The direction of travel was set out in a range of policy documents, most recently in the Energy White Paper in December 2020 (please see this BCLP blog), the consultation on revisions to the Energy National Policy Statement in September 2021 (please see this BCLP blog) and the Net Zero Strategy in October 2021, all of which primarily addressed the changes needed to the UK’s energy supply to transition to net zero.

However, fundamental weaknesses in the UK’s energy security revealed by more recent global events created a catalyst for urgent review and prompted the publication of the Energy Security Strategy in April 2022. Whilst the direction of travel remains largely the same, the ambitions have been accelerated.

What’s new?

The Energy Security Strategy in essence requires an increase in and acceleration of capacity from all sources of ‘home-grown’ energy, but with the greatest proportion coming from new offshore wind and nuclear energy projects and an increase in North Sea oil and gas production.

In brief, the Strategy requires more energy to be sourced from:  

  • nuclear power stations - up to 8 new nuclear reactors (instead of the 1 currently planned) to provide up to 24GW by 2050, which is three times more than today and representing up to 25% of our projected electricity demand;
  • offshore wind - 50GW with up to 5GW from floating offshore wind by 2030 compared to the previous target of 40GW with 1GW of that from floating offshore wind – so a move from the challenging ‘40 by 30’ to the (arguably heroic) ’50 by 30’;
  • hydrogen – up to 10GW by 2030 with 50% from ‘green’ hydrogen compared to the previous target of 5GW;
  • low carbon UK oil and gas – this will continue to be the foundation of the UK’s energy security with energy fields of the North Sea given a new lease of life during the transition to net zero;
  • onshore wind – no specified target – clearly there had been much hope in early 2022 of a policy shift to support onshore wind, but that hasn’t materialised;
  • solar power on both roofs and ground - up to 70GW of solar by 2035.

Improvements to the network infrastructure to support the expanded capacity are also factored into the Strategy.  However, no major new energy efficiency measures are proposed, instead the Strategy summarises previously announced policies.  Critics have pointed to the Strategy as dealing with only one part of the energy conundrum.

The role of planning

These targets are nothing short of ambitious given that the development and deployment of energy projects currently takes years, and often decades.

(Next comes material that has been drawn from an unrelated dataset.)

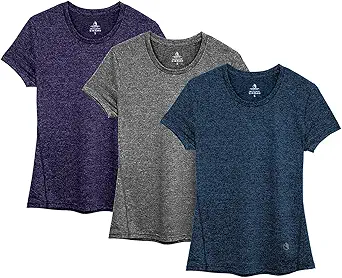 icyzone Workout Running Tshirts for Women - Fitness Athletic Yoga Tops Exercise Gym Shirts (Pack of 3)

Critics argue that the Strategy overlooks onshore wind and solar power, which are the cheapest and fastest sources of energy, and hence could have an expanded role.

The Strategy attempts to resolve some of the obstacles to delivery, with the planning and consenting regime identified as one of the major ones.  Some adjustments to the planning rules are proposed but will they be enough to support delivery of the targets?


Only limited changes are proposed for solar developments (to strengthen policy in favour of ground-mounted schemes on non-protected brownfield sites and co-location with other functions, and to amend the permitted development rights for rooftop solar).

Offshore wind

More detailed amendments are proposed for offshore wind projects to reduce the consent time from the current position of up to four years through amendments to the Planning Act 2008, to strengthen national policy, to introduce nature-based design standards and for environmental considerations to be made at a more strategic level.


The delivery of new nuclear power stations probably presents the biggest challenge, and whilst the government says it will “radically change” how it delivers new nuclear projects it is less specific on whether this will involve any changes to the planning rules.  However, it does plan to work with regulators to “understand the potential for any streamlining or removing of duplication from the consenting and licensing of new nuclear power stations” so changes may be in the pipeline.   A long term siting strategy will be developed to identify the locations of these projects and a new entity called the ‘Great British Nuclear Vehicle’ will be established this year tasked with helping projects through the development process.

Network Infrastructure

To support improvements to the network infrastructure, updates to the NPS are promised that will recognise a new blueprint for the strategic network infrastructure needed in the planning system to increase project certainty and speed up delivery.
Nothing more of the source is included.